▸ **Work task**: Go to the line below containing "Erkek Çocuk Kırmızı Polo Yaka Tişört" and print exactly from there through the line containing "HomeRoots Striped Transitional", both included. Print nothing else.

▸ **Data records**:

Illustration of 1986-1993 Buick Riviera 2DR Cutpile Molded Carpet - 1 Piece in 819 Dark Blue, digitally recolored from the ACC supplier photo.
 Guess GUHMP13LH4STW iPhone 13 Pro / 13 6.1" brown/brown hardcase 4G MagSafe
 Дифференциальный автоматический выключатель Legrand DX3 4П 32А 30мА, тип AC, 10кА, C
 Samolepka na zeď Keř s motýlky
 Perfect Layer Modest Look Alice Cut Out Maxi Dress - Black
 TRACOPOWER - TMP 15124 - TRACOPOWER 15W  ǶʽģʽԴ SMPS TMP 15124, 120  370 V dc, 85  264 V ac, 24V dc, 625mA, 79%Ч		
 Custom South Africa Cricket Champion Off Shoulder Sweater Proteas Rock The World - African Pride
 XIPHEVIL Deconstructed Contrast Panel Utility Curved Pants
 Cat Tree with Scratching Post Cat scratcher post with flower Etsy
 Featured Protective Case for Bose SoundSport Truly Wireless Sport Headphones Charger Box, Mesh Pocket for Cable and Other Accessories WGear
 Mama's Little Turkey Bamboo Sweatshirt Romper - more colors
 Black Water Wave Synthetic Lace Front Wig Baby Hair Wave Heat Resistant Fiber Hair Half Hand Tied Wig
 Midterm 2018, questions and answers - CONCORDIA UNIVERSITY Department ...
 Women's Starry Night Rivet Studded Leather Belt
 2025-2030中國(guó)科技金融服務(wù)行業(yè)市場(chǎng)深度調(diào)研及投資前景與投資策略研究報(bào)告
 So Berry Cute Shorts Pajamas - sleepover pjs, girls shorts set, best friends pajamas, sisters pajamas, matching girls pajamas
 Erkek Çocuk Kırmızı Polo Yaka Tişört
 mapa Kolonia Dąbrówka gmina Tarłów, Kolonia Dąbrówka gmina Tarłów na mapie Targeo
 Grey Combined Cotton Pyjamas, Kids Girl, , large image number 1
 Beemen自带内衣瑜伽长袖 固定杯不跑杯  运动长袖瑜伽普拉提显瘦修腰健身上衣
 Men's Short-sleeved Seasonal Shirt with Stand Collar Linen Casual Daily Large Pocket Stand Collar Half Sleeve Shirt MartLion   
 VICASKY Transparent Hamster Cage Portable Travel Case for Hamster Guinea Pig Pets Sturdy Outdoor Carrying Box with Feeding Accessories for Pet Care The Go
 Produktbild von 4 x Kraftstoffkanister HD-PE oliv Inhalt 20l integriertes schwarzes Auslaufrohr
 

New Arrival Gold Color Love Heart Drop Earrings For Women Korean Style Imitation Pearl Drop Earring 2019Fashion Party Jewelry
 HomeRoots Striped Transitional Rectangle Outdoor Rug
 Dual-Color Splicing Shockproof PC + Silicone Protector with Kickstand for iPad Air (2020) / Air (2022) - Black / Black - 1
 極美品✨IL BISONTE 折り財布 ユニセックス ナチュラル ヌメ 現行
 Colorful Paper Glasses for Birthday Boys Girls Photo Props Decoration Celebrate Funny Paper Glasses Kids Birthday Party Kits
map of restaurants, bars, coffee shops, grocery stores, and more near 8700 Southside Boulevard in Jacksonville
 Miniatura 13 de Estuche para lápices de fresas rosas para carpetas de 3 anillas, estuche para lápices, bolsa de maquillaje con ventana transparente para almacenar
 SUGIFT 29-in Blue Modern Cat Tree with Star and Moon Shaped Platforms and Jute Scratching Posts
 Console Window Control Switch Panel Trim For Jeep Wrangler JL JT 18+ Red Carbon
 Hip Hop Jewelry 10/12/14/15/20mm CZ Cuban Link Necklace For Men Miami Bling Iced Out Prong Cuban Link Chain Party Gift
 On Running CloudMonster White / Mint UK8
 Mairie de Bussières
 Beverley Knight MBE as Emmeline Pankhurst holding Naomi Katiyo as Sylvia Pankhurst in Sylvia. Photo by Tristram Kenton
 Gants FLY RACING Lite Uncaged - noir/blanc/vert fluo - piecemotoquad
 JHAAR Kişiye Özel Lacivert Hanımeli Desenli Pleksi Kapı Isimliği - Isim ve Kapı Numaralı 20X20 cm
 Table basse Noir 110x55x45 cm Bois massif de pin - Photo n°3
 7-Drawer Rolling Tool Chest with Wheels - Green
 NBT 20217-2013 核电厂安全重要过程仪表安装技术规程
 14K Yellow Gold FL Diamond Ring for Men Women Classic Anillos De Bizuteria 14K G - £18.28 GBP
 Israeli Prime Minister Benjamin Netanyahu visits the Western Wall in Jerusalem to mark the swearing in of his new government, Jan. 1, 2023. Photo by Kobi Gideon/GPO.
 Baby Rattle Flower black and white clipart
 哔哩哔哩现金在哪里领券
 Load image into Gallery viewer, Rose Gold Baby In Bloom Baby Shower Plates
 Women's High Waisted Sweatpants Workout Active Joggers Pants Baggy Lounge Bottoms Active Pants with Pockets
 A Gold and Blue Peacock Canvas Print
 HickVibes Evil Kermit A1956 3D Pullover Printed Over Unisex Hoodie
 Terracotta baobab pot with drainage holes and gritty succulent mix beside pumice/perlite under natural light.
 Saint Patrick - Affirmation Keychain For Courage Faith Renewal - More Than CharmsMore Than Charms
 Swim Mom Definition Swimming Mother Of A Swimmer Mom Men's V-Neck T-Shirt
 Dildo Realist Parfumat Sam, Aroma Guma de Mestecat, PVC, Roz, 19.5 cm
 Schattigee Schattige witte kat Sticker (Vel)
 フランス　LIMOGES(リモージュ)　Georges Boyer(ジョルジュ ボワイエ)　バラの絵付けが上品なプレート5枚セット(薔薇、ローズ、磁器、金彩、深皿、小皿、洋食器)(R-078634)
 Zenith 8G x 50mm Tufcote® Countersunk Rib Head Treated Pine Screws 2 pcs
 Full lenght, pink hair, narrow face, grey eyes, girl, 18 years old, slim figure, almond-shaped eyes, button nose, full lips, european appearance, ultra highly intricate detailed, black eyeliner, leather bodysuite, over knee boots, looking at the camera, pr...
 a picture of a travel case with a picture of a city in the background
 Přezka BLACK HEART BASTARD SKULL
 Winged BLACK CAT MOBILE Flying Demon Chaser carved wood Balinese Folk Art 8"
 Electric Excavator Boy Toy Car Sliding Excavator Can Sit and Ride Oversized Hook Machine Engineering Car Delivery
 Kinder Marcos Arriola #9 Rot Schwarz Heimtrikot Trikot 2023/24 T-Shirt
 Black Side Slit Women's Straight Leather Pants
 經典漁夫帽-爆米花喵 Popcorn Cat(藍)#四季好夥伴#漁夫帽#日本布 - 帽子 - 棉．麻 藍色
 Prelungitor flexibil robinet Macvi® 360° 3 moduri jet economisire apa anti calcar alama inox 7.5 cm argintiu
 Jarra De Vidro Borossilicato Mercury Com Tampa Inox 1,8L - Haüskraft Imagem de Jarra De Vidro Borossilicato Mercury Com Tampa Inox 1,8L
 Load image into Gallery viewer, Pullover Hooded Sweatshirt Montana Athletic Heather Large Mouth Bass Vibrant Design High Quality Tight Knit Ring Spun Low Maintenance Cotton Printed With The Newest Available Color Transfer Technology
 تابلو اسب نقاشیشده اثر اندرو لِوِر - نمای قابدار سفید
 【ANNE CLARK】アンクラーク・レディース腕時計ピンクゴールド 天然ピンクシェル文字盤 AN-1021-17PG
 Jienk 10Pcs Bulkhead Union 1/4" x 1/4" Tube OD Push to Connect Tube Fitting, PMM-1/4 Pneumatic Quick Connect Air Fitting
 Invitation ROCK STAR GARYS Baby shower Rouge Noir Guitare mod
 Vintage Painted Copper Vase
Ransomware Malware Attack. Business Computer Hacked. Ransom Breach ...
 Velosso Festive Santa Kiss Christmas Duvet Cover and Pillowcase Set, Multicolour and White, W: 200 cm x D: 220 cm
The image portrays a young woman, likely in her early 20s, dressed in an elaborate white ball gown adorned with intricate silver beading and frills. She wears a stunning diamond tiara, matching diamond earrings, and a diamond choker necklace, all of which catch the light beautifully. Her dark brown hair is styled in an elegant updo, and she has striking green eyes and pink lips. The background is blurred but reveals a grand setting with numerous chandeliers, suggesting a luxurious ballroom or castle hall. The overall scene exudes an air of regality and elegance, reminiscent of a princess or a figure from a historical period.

▸ **Task answer**:
 Erkek Çocuk Kırmızı Polo Yaka Tişört
 mapa Kolonia Dąbrówka gmina Tarłów, Kolonia Dąbrówka gmina Tarłów na mapie Targeo
 Grey Combined Cotton Pyjamas, Kids Girl, , large image number 1
 Beemen自带内衣瑜伽长袖 固定杯不跑杯  运动长袖瑜伽普拉提显瘦修腰健身上衣
 Men's Short-sleeved Seasonal Shirt with Stand Collar Linen Casual Daily Large Pocket Stand Collar Half Sleeve Shirt MartLion   
 VICASKY Transparent Hamster Cage Portable Travel Case for Hamster Guinea Pig Pets Sturdy Outdoor Carrying Box with Feeding Accessories for Pet Care The Go
 Produktbild von 4 x Kraftstoffkanister HD-PE oliv Inhalt 20l integriertes schwarzes Auslaufrohr
 

New Arrival Gold Color Love Heart Drop Earrings For Women Korean Style Imitation Pearl Drop Earring 2019Fashion Party Jewelry
 HomeRoots Striped Transitional Rectangle Outdoor Rug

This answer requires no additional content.